Question

A steel wire of length $4.5\, m$ and cross-sectional area $3 × 10^{-5}\, m^2$ stretches by the same amount as a copper wire of length $3.5\, m$ and cross-sectional area of $4 × 10^{-5}\, m^2$ under a given load.
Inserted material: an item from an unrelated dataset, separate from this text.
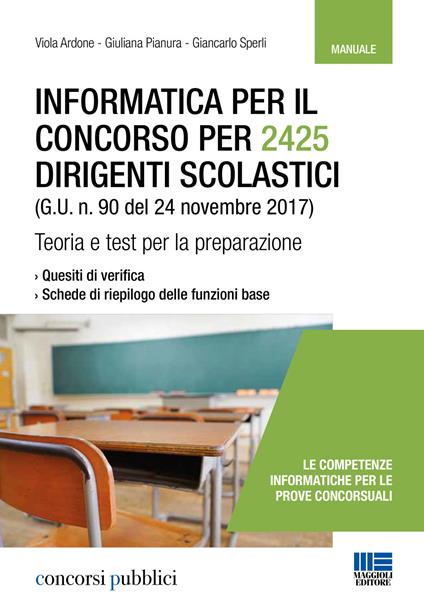 Informatica per il concorso per 2425 dirigenti scolastici (G. U. n. 90 del 24 novembre 2017). Teoria e test per la preparazione - Viola Ardone,Giuliana Pianura,Giancarlo Sperli - copertina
The ratio of the Young’s modulus of steel to that of copper is

• A. $1.3$
• B. $1.5$
• C. $1.7$
• D. $1.9$

Answer 1

Answer: (C)

For copper wire, $L_C = 3.5\, m,$
$A_C = 4 × 10^{-5}\, m^2$
For steel wire, $L_S = 4.5\, m,$
$A_S = 3 × 10^{-5}\, m^2$
As Young's modulus, $\Upsilon=\frac{\left(F / A\right)}{\left(\Delta L / L\right)}$
As applied force F and extension $ΔL$ are same for steel and copper wires
$\therefore \frac{F}{\Delta L}=\frac{\Upsilon_{S}A_{S}}{L_{S}}=\frac{\Upsilon_{C}A_{C}}{L_{C}}$
where the subscripts $C$ and S refers to copper and steel respectively.
$\therefore \frac{\Upsilon_{S}}{\Upsilon_{C}}=\frac{L_{S}}{L_{C}}\times\frac{A_{C}}{A_{S}}$
$=\frac{\left(4.5\,m\right)\times\left(4\times10^{-5}\,m^{2}\right)}{\left(3.5\,m\right)\times \left(3\times 10^{-5}\,m^{2}\right)}=1.7$